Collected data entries
------------------------------------

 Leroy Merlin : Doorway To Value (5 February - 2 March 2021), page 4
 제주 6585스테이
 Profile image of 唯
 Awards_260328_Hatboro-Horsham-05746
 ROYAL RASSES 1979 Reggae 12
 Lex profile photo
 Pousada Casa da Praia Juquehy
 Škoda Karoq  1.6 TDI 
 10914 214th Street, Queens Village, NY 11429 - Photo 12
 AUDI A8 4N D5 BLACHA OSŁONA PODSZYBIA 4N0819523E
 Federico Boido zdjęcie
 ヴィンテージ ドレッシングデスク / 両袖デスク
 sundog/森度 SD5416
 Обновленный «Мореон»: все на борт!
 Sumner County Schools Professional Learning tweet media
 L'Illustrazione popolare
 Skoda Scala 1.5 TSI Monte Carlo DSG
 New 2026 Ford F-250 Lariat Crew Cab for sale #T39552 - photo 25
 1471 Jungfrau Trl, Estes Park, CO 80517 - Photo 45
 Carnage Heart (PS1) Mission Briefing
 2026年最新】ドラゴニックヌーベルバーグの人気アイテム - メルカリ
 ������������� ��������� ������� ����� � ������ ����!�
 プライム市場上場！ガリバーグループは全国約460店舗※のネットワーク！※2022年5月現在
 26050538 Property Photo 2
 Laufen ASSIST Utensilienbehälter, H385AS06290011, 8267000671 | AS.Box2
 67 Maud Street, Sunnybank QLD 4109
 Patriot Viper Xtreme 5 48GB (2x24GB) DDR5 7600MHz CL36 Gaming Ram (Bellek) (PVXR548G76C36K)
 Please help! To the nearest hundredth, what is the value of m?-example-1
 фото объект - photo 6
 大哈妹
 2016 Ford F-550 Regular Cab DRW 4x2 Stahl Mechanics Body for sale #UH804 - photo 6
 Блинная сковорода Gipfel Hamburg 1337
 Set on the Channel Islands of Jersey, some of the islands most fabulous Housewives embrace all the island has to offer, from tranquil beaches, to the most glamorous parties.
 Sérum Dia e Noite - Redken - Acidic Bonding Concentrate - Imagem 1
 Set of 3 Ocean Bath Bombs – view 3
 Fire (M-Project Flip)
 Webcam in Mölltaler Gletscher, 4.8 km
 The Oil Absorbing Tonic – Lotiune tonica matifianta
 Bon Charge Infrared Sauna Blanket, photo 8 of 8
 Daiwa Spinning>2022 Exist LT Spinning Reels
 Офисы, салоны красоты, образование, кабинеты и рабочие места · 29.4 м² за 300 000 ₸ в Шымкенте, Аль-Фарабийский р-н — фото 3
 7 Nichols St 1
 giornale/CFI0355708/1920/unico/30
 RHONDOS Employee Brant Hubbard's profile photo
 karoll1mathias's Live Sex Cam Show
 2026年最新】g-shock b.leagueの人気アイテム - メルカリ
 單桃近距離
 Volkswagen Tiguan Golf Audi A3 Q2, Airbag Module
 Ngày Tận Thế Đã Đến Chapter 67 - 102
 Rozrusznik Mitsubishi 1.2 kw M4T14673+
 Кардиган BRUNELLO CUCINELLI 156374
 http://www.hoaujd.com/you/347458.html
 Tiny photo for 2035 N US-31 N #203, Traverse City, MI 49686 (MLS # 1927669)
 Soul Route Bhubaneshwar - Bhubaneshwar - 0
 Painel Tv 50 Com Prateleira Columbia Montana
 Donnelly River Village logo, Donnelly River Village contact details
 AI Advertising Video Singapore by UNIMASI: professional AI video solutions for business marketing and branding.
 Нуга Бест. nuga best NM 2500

------------------------------------

- [What you will do]: Report how many lines in the records above contain the word "Village", giving only the number.

- [Solution below]: 2